Anders Bergholt

Personal information
- Full name: Anders Bergholt Pedersen
- Date of birth: 12 September 2005 (age 20)
- Place of birth: Dybbøl, Denmark
- Height: 1.78 m (5 ft 10 in)
- Position: Midfielder

Team information
- Current team: Sønderjyske
- Number: 28

Youth career
- Dybbøl IU
- FC Sønderborg
- Sønderjyske

Senior career*
- Years: Team / Apps / (Gls)
- 2023–: Sønderjyske / 14 / (0)
- 2025: → Brønshøj (loan) / 13 / (1)

= Anders Bergholt =

Danish footballer (born 2005)

Anders Bergholt Pedersen (born 12 September 2005) is a Danish footballer who plays as a midfielder for Danish Superliga club Sønderjyske.

==Career==
===Sønderjyske===
Growing up in Dybbøl, Bergholt started his football career at the local club, Dybbøl IU, and later also at FC Sønderborg, before moving to Sønderjyske as a U14 player. Here he worked his way up through the club's academy.

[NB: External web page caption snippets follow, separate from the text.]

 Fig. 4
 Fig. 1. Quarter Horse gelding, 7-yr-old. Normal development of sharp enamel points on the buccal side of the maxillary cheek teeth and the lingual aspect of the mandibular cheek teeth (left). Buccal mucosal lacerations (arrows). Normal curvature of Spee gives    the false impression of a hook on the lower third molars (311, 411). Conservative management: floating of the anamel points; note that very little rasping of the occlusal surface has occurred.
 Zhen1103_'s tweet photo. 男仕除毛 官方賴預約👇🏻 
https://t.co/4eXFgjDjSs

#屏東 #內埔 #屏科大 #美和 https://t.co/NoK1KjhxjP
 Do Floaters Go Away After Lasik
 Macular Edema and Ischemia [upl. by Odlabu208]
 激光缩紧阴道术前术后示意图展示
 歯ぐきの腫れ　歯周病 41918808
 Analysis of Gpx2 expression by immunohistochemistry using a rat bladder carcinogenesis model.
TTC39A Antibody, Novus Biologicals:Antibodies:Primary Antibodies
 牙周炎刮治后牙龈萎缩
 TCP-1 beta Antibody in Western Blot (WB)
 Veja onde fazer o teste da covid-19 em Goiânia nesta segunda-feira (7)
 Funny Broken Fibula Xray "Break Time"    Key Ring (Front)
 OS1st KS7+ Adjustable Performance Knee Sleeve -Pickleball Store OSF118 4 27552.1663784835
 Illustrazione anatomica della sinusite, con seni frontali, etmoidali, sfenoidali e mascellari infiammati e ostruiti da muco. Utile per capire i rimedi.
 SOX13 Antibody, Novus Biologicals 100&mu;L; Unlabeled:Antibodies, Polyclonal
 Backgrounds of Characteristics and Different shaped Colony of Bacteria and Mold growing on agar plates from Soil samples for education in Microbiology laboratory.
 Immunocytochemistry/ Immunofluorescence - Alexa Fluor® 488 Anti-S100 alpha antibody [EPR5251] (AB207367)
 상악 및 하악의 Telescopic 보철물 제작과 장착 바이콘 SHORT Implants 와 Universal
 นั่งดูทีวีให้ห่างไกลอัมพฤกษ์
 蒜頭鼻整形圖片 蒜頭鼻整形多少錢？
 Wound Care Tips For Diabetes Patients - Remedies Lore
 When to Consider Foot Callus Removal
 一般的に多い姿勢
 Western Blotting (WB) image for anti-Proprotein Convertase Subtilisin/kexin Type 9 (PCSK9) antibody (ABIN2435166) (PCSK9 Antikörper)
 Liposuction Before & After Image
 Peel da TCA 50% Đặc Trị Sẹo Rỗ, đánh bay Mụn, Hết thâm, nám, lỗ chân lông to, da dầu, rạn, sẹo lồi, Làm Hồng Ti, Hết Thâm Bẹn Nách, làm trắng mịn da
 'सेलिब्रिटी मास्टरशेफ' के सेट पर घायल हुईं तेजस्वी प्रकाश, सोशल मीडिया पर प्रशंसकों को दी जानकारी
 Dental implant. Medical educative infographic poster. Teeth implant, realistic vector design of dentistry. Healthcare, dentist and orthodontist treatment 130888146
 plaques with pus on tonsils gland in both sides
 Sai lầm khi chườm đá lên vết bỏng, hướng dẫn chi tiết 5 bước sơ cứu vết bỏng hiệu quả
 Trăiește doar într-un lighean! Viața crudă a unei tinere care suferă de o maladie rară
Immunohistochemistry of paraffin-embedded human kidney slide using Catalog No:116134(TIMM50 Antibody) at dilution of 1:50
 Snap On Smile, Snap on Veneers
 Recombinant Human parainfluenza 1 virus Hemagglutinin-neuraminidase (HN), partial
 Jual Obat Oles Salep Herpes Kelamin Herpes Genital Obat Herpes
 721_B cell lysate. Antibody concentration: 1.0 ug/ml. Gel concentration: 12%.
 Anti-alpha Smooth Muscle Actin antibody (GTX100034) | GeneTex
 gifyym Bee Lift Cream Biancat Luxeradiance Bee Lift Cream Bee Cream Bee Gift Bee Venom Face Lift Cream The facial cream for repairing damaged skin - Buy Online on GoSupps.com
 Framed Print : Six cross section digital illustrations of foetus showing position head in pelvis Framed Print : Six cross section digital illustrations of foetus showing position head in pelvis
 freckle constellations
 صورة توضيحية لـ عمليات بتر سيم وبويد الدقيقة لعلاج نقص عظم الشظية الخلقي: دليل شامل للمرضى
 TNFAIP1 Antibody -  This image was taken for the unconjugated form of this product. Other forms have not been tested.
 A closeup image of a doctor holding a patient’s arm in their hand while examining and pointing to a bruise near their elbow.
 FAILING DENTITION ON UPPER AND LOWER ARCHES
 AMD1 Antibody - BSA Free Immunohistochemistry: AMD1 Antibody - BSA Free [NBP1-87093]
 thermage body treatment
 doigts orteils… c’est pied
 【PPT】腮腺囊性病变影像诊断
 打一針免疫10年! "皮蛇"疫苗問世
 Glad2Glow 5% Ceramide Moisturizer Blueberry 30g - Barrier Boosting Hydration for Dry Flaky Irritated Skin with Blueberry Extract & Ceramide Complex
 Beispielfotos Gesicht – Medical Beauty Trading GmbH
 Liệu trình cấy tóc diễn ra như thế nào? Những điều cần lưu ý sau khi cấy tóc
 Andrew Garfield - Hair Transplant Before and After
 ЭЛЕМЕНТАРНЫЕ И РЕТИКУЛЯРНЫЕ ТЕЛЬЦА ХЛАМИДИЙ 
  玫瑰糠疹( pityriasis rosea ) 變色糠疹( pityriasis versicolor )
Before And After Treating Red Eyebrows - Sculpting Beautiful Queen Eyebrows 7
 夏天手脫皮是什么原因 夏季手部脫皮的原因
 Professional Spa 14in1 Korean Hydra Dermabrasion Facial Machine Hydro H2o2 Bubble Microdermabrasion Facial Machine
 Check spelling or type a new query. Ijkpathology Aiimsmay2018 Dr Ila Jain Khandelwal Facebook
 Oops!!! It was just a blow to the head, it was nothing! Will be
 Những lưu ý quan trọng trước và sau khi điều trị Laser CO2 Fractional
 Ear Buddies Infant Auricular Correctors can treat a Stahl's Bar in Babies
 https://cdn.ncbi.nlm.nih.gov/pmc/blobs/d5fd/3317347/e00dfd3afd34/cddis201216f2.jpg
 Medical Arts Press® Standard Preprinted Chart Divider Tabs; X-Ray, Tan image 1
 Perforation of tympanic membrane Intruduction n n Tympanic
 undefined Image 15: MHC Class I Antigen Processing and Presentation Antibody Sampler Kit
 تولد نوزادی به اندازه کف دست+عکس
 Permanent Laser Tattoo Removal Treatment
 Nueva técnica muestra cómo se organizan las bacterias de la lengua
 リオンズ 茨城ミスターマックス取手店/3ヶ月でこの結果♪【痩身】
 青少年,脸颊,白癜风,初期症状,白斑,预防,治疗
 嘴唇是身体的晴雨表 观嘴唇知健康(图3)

In December 2021, 17-year old Bergholt signed his first youth contract with the club. As early as August 2022, 17-year-old Bergholt was on the bench for the first time for a league match for Sønderjyske's first team. On June 4, 2024, in the final match of the season against FC Helsingør, 18-year-old Bergholt made his official debut when he replaced Jose Gallegos in the 72nd minute of the Danish 1st Division match.

In the following two seasons, Bergholt primarily played for the club's U19 team but also got playing time in 10 first-team matches, two of them as a starter. However, in December 2024, he signed a new contract with the club until the end of 2026 and was also permanently promoted to the first-team squad.

In pursuit of more playing time and experience, Bergholt was loaned to the Danish 3rd Division club in August 2025 for the remainder of 2025. Bergholt made 13 league appearances for the club, before returning to Sønderjyske at the end of the year.